Records provided:
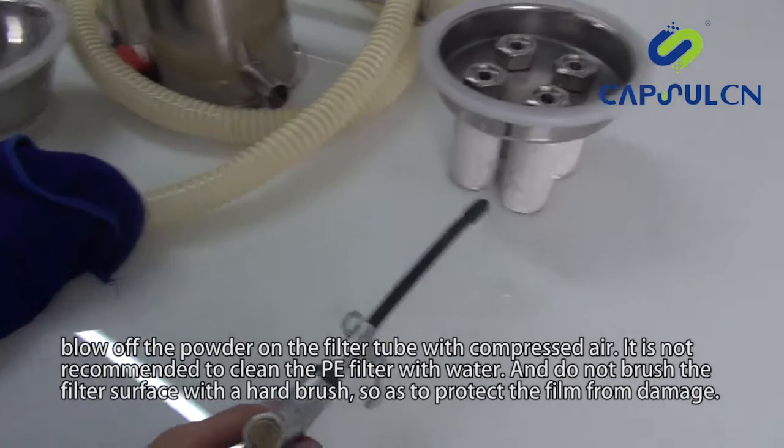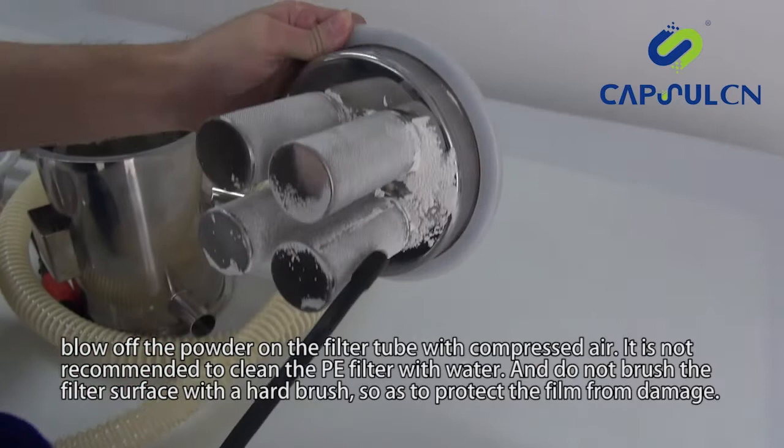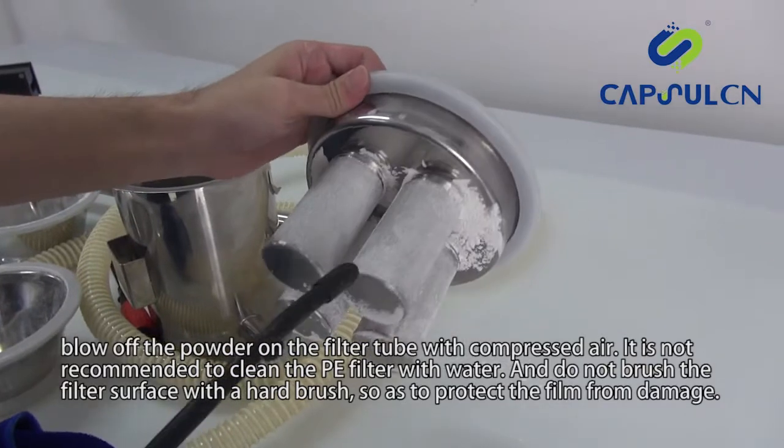Blow off the powder on the filter tube with compressed air. It is not recommended to clean the PE filter with water, and do not brush the filter surface with a hard brush, so as to protect the film from damage.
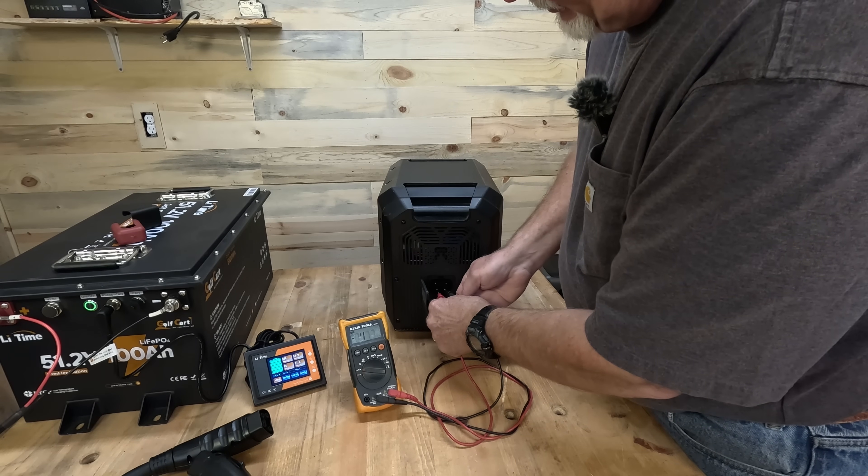Since then, viewers have confirmed they've also done this and it worked. I want to explain what you can do and how to test whether it will work with your unit — whether you have an EcoFlow, a Bluetti, an Anker Solix, or whatever. The first thing you need is a power station designed to take one of their proprietary expansion batteries. Then take a simple multimeter — or voltmeter — set it to DC voltage. On this Klein it does both DC and AC; just push the function button to switch to DC voltage. Then connect your leads to the expansion port on your portable power station.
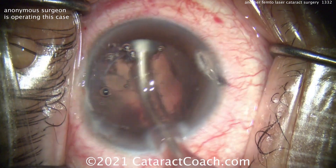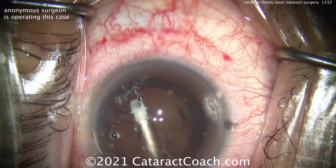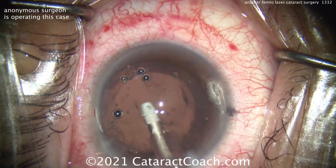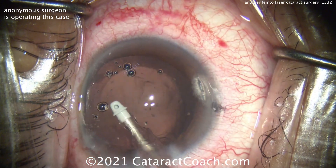So you can see the technique is very nice here — it's a circumferential removal of the cortex. That looks really good, and then just getting some of those wispy strands out.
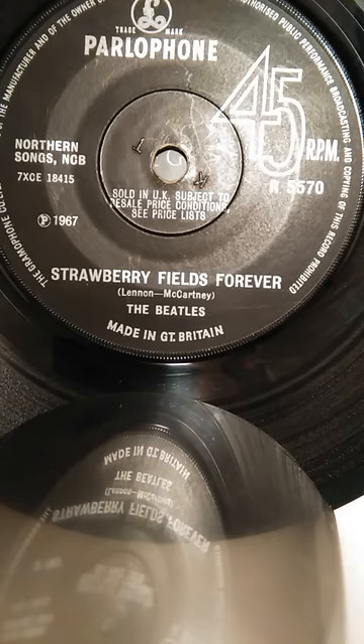And John came back to me a couple of days after the session and said it really wasn't quite what I had in mind when I wrote the song. He said, could we do it again? And this was the first time anyone of the Beatles ever asked me to re-cut a track. So I said, okay, if you feel like it, what do you want to do with it this time?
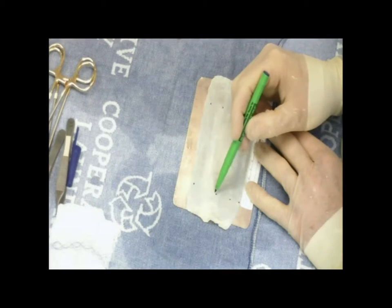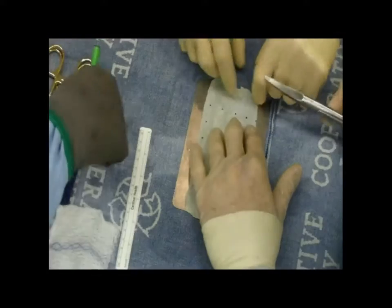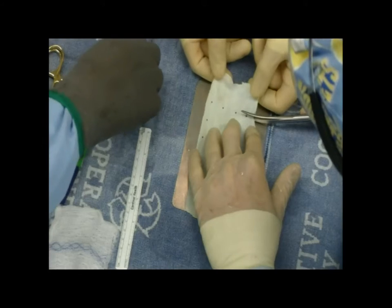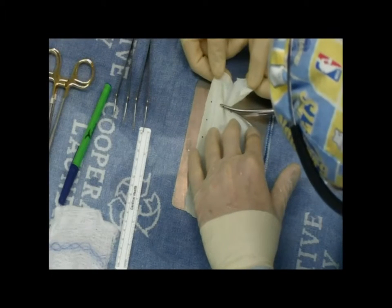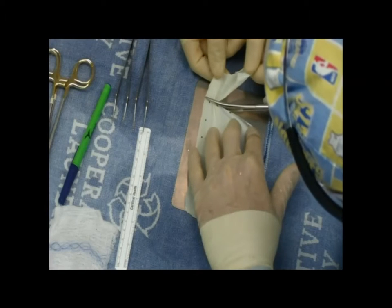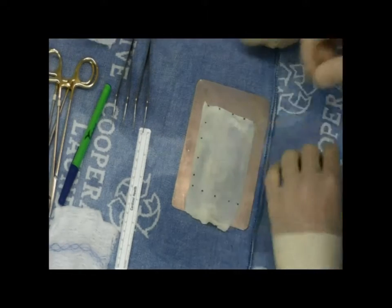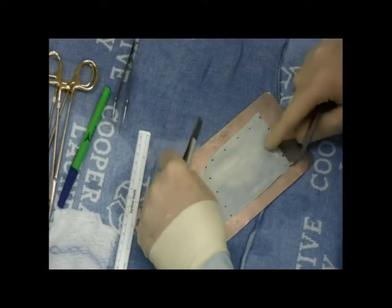You want to look at the shiny side of the graft to determine which section aesthetically is going to look the best once it's finally rolled. At this point, we're just trimming the excess graft to get our defined rectangle so that we can ultimately tubularize this to get a 5 to 6 millimeter diameter graft. The goal for me is 5 to 6 millimeters in diameter — this looks the best and it seems to work the best as well.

Task requirements: The expected answer is the data retyped exactly, without pictures.

Response to the task:
Blow off the powder on the filter tube with compressed air. It is not recommended to clean the PE filter with water, and do not brush the filter surface with a hard brush, so as to protect the film from damage.
Since then, viewers have confirmed they've also done this and it worked. I want to explain what you can do and how to test whether it will work with your unit — whether you have an EcoFlow, a Bluetti, an Anker Solix, or whatever. The first thing you need is a power station designed to take one of their proprietary expansion batteries. Then take a simple multimeter — or voltmeter — set it to DC voltage. On this Klein it does both DC and AC; just push the function button to switch to DC voltage. Then connect your leads to the expansion port on your portable power station.
So you can see the technique is very nice here — it's a circumferential removal of the cortex. That looks really good, and then just getting some of those wispy strands out.
And John came back to me a couple of days after the session and said it really wasn't quite what I had in mind when I wrote the song. He said, could we do it again? And this was the first time anyone of the Beatles ever asked me to re-cut a track. So I said, okay, if you feel like it, what do you want to do with it this time?
You want to look at the shiny side of the graft to determine which section aesthetically is going to look the best once it's finally rolled. At this point, we're just trimming the excess graft to get our defined rectangle so that we can ultimately tubularize this to get a 5 to 6 millimeter diameter graft. The goal for me is 5 to 6 millimeters in diameter — this looks the best and it seems to work the best as well.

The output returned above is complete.